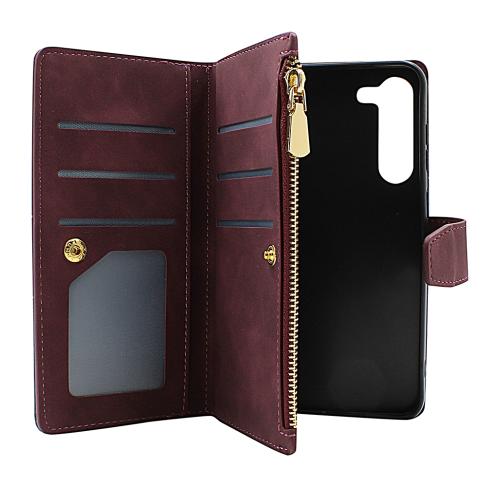 billigamobilskydd.se XL Standcase Luksuskotelo puhelimeen Samsung Galaxy S23 Plus 5G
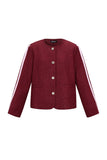 gewebte-karo-damenjacke-elegant-front-view
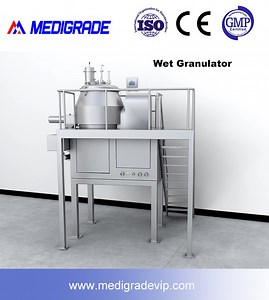 [Hot Item] Laboratory Rapid Mixer Granulator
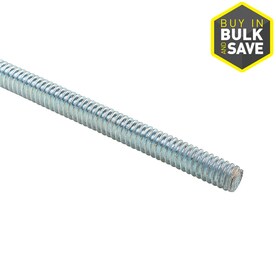 UPC 075114013437 product image for STEEL CITY 1/4-in Standard (SAE) Threaded Rod 10 Feet | upcitemdb.com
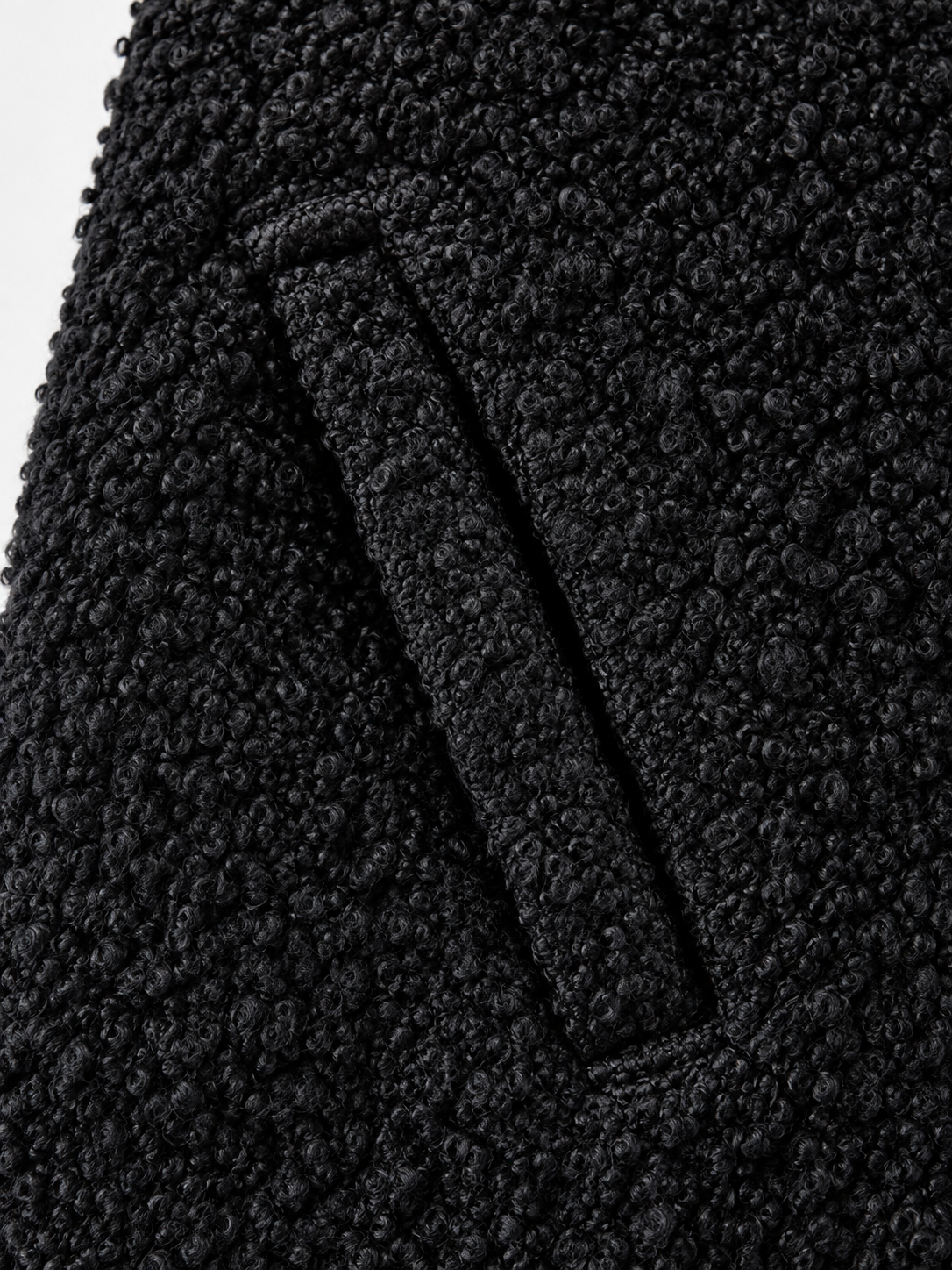 Double-Breasted Textured Vest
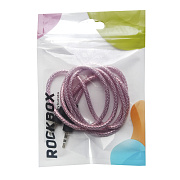 Кабель AUX (папа-папа) RockBox RC-MM2  100см   (red)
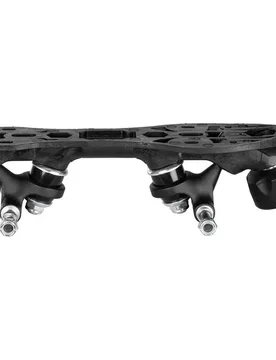 Platine Shari Standard 20° Gen Ii Quads Black 8 unisex - Chaya - FashionsVida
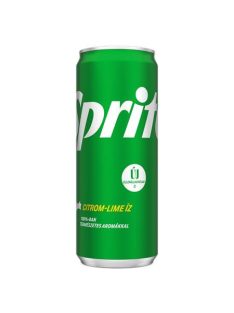   SPRITE Üdítőital, szénsavas, 0,33 l, dobozos, SPRITE, citrom és lime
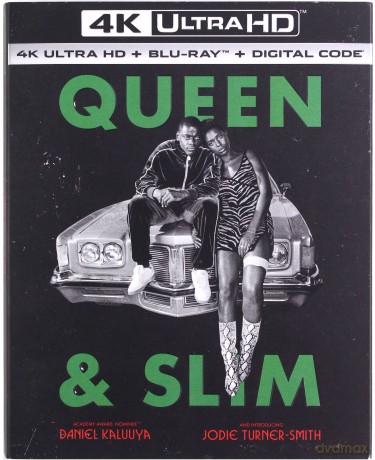 Queen & Slim [Blu-Ray 4K]+[Blu-Ray]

# [WHAT IS NEEDED]
Set down the material above exactly. Skip any picture.

# [WORKED SOLUTION]
 billigamobilskydd.se XL Standcase Luksuskotelo puhelimeen Samsung Galaxy S23 Plus 5G
 gewebte-karo-damenjacke-elegant-front-view
 [Hot Item] Laboratory Rapid Mixer Granulator
 UPC 075114013437 product image for STEEL CITY 1/4-in Standard (SAE) Threaded Rod 10 Feet | upcitemdb.com
 Double-Breasted Textured Vest
 Кабель AUX (папа-папа) RockBox RC-MM2  100см   (red)
 Platine Shari Standard 20° Gen Ii Quads Black 8 unisex - Chaya - FashionsVida
   SPRITE Üdítőital, szénsavas, 0,33 l, dobozos, SPRITE, citrom és lime
 Queen & Slim [Blu-Ray 4K]+[Blu-Ray]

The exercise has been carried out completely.